É correta a preocupação em relação aos custos da CNH para os jovens das camadas mais pobres da sociedade brasileira, tradicionalmente excluídos do acesso a todos os direitos. Ocorre que, para isso, já foi criada uma política pública nacional, a CNH Social, que garante gratuidade integral ao acesso a CNH para pessoas que comprovarem não terem condições de pagar os custos. Essa medida conta com os recursos oriundo das multas de trânsito e certamente pode ser ampliada, porque União e Estados arrecadam bilhões de reais, todos anos, através do pagamento de multas pelos infratores.

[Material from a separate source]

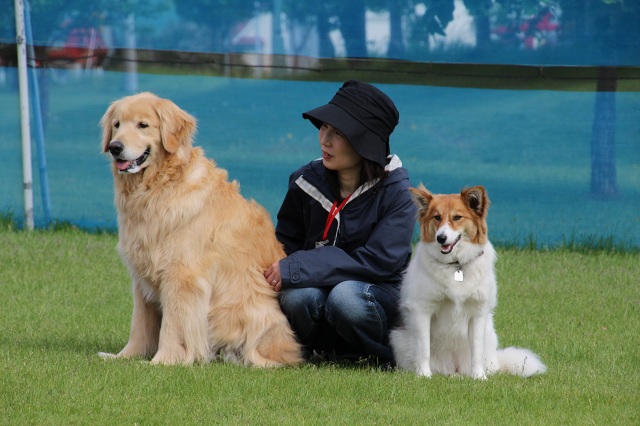 ファイル 306-2.jpg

Finalmente, é evidente que o sistema de habilitação de condutores necessita de melhorias, desburocratização e até mesmo redução de custos. É possível aproveitar as novas tecnologias para facilitar acesso a informações, qualificar o processo de ensino e aprendizagem e, principalmente, reduzir custos. No entanto, essas mudanças devem vir no sentido de qualificar o sistema existente e não para destruí-lo.
A prudência é comportamento essencial para um trânsito seguro. Recomenda-se que o Ministro dos Transportes desacelere na mudança pretendida e dê tempo para um diálogo mais atento com técnicos, educadores e inclusive com o Congresso Nacional visando qualificar e não precarizar o trânsito brasileiro. Estamos à disposição para contribuir com as mudanças que tragam melhorias, se realmente for esse o objetivo.
*Mauri Cruz é advogado, diretor executivo do Instituto de Direitos Humanos, Econômicos e Sociais – IDhES, sócio consultor da Usideias, professor de pós-graduação em direito à cidade e mobilidade urbana. Foi fundador e Presidente da EPTC Porto Alegre, Diretor Presidente do DetranRS e consultor da União Europeia para segurança no trânsito.